The team with the best BLEU score on a 5 hours test set with Graubünden speakers wins the contest. The data in the test set was collected in a similar fashion to SDS-200.
We encourage participants to explore suitable transfer learning and finetuning approaches based on the Swiss German, Standard German, French, and Italian data provided.
Please register here for detailed information and to submit your test set predictions.
Workshop Important Dates
- 01.04.22: Task description and data published
- 05.05.22: Open for submissions
- 30.05.22 08:59 CEST: Submission deadline
- 08.06.22: SwissText workshop with presentations by participants
Workshop Schedule
Note: This is a tentative schedule
- Shared task introduction, results overview (15 min)
- Participants present their approaches (60 min)
- Discussion, future directions (15 min)
Workshop Resources
The data can be downloaded as follows:
- SDS-200: This dataset is available under a Creative Commons BY-NC license (commercial use not allowed). Please write an email to michel.pluess@fhnw.ch with a short text stating that you will not use the data for commercial purposes and I will send you a download link.

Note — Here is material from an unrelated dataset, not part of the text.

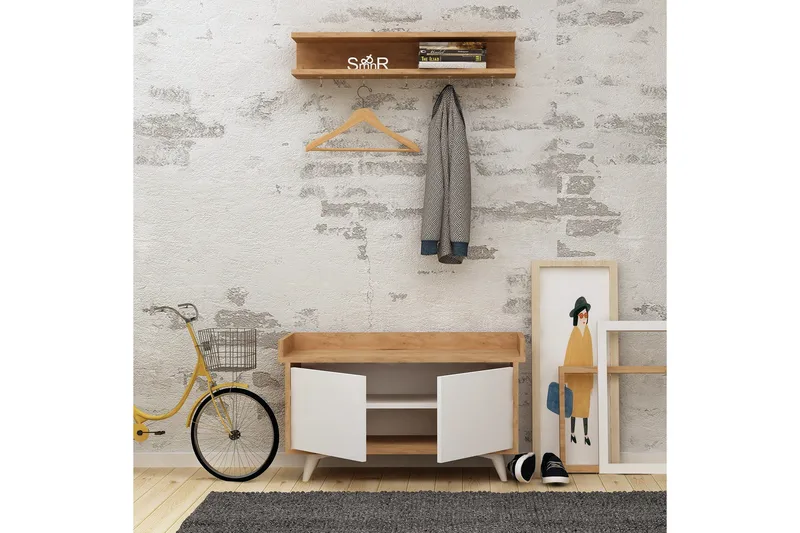 Mod Design Skoskåp/Hatthylla - Trä/Vit - Möbler - Hall & entré - Möbelset för hall & entré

- SwissDial: https://mtc.ethz.ch/publications/open-source/swiss-dial.html
- Common Voice:
- Test set (audio only): https://drive.switch.ch/index.php/s/qmOgf9yI3RP72Hp
Note: No additional data is allowed.
Organizers
- Michel Plüss, FHNW, michel.pluess@fhnw.ch
- Christian Scheller, FHNW, christian.scheller@fhnw.ch
- Yanick Schraner, FHNW, yanick.schraner@fhnw.ch
- Manfred Vogel, FHNW, manfred.vogel@fhnw.ch
References
[1] Michel Plüss, Manuela Hürlimann, Marc Cuny, Alla Stöckli, Nikolaos Kapotis, Julia Hartmann, Malgorzata Anna Ulasik, Christian Scheller, Yanick Schraner, Amit Jain, Jan Deriu, Mark Cieliebak, Manfred Vogel. 2022. SDS-200 – A Swiss German Speech to Standard German Text Corpus. Submitted to LREC 2022.
[2] Pelin Dogan-Schönberger, Julian Mäder, Thomas Hofmann. 2021. SwissDial: Parallel Multidialectal Corpus of Spoken Swiss German. arXiv:2103.11401 [cs.CL].
[3] Ardila, R. and Branson, M. and Davis, K. and Henretty, M. and Kohler, M. and Meyer, J. and Morais, R. and Saunders, L. and Tyers, F. M. and Weber, G. 2020. Common Voice: A Massively-Multilingual Speech Corpus. Proceedings of the 12th Conference on Language Resources and Evaluation (LREC 2020).